A New York court ruled in 2017 that even when no formal agreement was signed between the parties to a business transaction, their term sheet was a binding and enforceable agreement because it reflected "all essential terms" of a contract - "an offer, acceptance of the offer, consideration, mutual assent, and an intent to be bound" sufficient to find a meeting of the minds. More importantly, the subsequent actions of the parties signaled that there was a deal upon which both sides relied. (McGowan v. Clarion Partners, LLC, 2017 NY Slip Op. 30019(U).)

Keeping these other decisions in mind, practitioners should confirm that any informal settlement agreements reached during a mediation make it perfectly clear that the parties will contemplate the future execution of a more detailed agreement.

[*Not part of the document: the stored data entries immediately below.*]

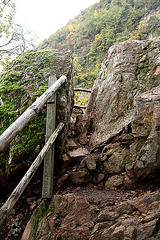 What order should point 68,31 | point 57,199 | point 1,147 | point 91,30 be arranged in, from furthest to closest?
point 68,31
point 91,30
point 57,199
point 1,147

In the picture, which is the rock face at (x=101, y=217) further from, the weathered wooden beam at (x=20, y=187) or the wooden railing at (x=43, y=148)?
the weathered wooden beam at (x=20, y=187)

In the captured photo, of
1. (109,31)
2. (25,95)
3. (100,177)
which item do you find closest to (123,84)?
(100,177)

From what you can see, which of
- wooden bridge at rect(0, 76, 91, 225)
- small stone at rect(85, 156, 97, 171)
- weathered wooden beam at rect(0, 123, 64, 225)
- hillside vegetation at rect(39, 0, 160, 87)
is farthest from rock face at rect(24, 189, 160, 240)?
hillside vegetation at rect(39, 0, 160, 87)

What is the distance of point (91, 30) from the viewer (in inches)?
1021

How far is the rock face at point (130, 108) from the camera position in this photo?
109 inches

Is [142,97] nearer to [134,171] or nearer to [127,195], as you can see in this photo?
[134,171]

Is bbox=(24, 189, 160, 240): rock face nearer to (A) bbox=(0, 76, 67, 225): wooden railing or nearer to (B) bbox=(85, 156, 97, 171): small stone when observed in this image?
(A) bbox=(0, 76, 67, 225): wooden railing

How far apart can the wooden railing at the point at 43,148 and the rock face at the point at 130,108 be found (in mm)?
1361

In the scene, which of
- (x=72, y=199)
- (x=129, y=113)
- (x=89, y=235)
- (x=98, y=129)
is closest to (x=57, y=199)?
(x=72, y=199)

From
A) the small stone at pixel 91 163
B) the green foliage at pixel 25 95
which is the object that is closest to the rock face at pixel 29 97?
the green foliage at pixel 25 95

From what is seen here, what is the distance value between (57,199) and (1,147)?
190 cm

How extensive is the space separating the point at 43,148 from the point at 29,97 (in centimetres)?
153

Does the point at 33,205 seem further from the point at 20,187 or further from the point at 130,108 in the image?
the point at 130,108

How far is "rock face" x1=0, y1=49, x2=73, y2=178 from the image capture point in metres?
3.04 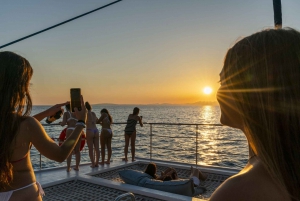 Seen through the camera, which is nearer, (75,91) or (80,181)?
(75,91)

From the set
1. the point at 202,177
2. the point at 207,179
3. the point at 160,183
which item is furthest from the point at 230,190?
the point at 207,179

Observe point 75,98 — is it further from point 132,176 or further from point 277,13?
point 132,176

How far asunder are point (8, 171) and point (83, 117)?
0.60 meters

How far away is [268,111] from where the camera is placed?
0.61 m

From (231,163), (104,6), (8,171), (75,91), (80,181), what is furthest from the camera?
(231,163)

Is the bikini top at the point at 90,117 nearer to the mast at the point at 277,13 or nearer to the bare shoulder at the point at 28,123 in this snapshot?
the bare shoulder at the point at 28,123

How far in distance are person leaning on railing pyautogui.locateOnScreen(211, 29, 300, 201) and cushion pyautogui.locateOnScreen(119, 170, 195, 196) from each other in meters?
3.76

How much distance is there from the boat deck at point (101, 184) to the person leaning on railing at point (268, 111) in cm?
358

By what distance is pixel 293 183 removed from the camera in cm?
59

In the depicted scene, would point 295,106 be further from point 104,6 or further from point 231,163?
point 231,163

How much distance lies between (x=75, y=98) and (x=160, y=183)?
2.76m

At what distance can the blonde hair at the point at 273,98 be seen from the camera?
1.95 feet

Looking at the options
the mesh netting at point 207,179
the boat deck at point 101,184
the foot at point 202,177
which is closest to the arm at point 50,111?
the boat deck at point 101,184

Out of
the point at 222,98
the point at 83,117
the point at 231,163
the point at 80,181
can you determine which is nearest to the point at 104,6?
the point at 83,117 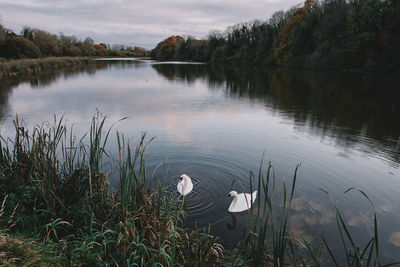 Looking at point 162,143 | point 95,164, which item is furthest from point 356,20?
point 95,164

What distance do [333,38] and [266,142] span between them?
3840cm

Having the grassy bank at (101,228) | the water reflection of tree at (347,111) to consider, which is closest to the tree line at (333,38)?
the water reflection of tree at (347,111)

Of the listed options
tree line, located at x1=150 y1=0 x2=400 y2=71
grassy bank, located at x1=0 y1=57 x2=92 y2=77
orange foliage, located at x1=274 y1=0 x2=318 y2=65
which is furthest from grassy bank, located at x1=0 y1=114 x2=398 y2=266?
orange foliage, located at x1=274 y1=0 x2=318 y2=65

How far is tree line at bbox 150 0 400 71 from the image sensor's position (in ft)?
112

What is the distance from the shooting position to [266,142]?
29.2ft

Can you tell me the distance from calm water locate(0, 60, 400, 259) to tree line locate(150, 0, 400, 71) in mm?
21671

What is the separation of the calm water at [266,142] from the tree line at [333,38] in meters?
21.7

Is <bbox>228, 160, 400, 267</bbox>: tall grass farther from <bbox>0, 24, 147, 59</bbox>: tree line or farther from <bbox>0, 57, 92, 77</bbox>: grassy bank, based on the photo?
<bbox>0, 24, 147, 59</bbox>: tree line

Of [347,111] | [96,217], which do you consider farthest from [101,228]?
[347,111]

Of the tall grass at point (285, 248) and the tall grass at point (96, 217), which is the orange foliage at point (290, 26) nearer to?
the tall grass at point (285, 248)

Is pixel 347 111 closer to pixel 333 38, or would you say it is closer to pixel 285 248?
pixel 285 248

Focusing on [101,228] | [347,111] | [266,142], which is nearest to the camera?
[101,228]

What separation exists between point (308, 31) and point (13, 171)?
48.7 metres

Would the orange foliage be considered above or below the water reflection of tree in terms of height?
above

Procedural Status Determines Enforcement Mechanism

Assuming the substantive requirements for enforcement have been satisfied, the procedural posture of a case will affect how an aggrieved party seeks relief for a breach. If litigation is pending, a settlement may be enforceable under California Code of Civil Procedure Section 664.6, which empowers the court to enter judgment on the motion of either party when the agreement specifically requests that the court retain jurisdiction for enforcement purposes. While the statute previously referred only to a "writing signed by the parties," as a result of an amendment enacted during the Covid-19 pandemic in 2020, this definition was expanded to include signature by an attorney representing a party, provided that the client has expressly authorized such execution. The amendment similarly covers signature by an agent acting on behalf of an insurer.

By contrast, if the matter is pre-litigation, then a separate action for breach of contract or suit in equity must be filed.

Why Use Mediator Proposals, Term Sheets, MOUs?

Even when term sheets or mediator's proposals are not enforceable, they can still be valuable in confirming agreement on specific points, and in achieving an ultimate resolution of the entire dispute. With the assistance of a mediator, parties can use term sheets, MOUs and proposals to work through their most difficult issues. Term sheets and mediator's proposals memorialize the agreements reached and allow parties to begin the process of preparing an enforceable settlement agreement.

Once the most contentious issues are put to rest, the tone of the negotiation changes. The parties often become more open and amenable to resolving other issues. Mediator's proposals and term sheets can serve as valuable tools to move parties toward agreement at a critical juncture in the negotiations, when they are engaged, focused, committed and present.

Conclusion

When parties reach agreement at a mediation, it is natural to assume that their dispute is over. This assumption may be erroneous, however, unless the parties have addressed the material terms of their agreement and carefully documented their intentions and expectations - through words like "binding" and "enforceable." Nevertheless, even when mediator proposals, term sheets and MOUs are not independently binding and enforceable, they are still useful tools in resolving legal disputes. If parties understand the limits of these agreements, term sheets and mediator's proposals are highly effective methods of moving parties closer to a final resolution.